If the LDAST had a positive control to show that the cosyntropin appropriately reached the patient, it would help to allow the endocrinologist to recognize a false positive result. As stated above, VEGF is stimulated by ACTH in animals. If VEGF levels were measured with cortisol levels, and they rose above a set threshold, the interpreting physician could feel more comfortable knowing that the test was administered appropriately. For VEGF to be a good control value, it would need to have a significant rise in response to cosyntropin, and would need to rise quickly and after one dose (the LDAST lasts one hour) and be independent of the cortisol response. In the in vitro study above, steroid-treated cells had significant rise in VEGF within one hour of ACTH treatment, and VEGF stayed elevated for up to four hours. In a study looking at whether VEGF could be a diagnostic biomarker to differentiate acute stroke in adults versus stroke mimics, there was a significant elevation of VEGF at the time of stroke presentation compared to the average normal value (peak median 1700 pg/mL with interquartile range of 1500-1900; baseline median 466 with interquartile range of 392-649). The mechanism for rise in VEGF was postulated to be due to a hypoxia stimulus in this case. However, it seems that VEGF can be acutely stimulated (potentially within one hour of a stimulus) and has the ability to rise to several standard deviations above the normal median baseline value in humans.

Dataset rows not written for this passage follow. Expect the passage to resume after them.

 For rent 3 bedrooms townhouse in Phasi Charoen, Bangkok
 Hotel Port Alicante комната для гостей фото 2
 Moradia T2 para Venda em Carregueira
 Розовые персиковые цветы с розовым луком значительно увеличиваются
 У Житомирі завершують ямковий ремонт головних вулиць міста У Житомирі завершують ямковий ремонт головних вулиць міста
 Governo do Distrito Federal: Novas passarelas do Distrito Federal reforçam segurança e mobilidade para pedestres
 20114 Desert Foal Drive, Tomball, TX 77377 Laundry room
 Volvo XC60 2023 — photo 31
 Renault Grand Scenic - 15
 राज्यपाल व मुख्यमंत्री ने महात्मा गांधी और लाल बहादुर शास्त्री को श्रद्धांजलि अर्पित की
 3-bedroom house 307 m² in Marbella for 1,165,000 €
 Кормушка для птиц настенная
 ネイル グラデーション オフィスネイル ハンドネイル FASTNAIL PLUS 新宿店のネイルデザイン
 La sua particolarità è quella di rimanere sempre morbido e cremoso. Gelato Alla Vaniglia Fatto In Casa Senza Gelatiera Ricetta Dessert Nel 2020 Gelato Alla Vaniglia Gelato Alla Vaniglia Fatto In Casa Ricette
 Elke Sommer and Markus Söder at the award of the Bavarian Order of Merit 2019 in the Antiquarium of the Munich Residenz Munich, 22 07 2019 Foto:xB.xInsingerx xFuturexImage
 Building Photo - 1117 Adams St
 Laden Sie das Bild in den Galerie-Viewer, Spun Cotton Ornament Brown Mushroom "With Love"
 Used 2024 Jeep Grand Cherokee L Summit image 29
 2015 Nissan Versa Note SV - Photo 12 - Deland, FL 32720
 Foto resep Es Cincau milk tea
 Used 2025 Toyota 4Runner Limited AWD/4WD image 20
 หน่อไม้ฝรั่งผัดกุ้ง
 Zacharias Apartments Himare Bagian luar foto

VEGF: Vascular Endothelial Growth Factor is a cytokine glycoprotein that is responsible for angiogenesis, or the formation of new blood vessels. It can also maintain blood vessel density, thickness, and permeability, and it is vital for endothelial cell survival. VEGF is a family of cytokines, with VEGF-A being the prototype and most common. It is found in the lungs, kidneys, heart, adrenals, bone, brain, and several other organs. Within the adrenal, VEGF has been shown to be stimulated by ACTH and can be protective against atrophy in steroid use. Important in regards to this study, an animal study showed that VEGF can be stimulated by ACTH outside the adrenal glands, namely in osteoblasts in bone. Osteoblasts have an MC2R receptor that is stimulated by ACTH, leading to a rise in VEGF levels.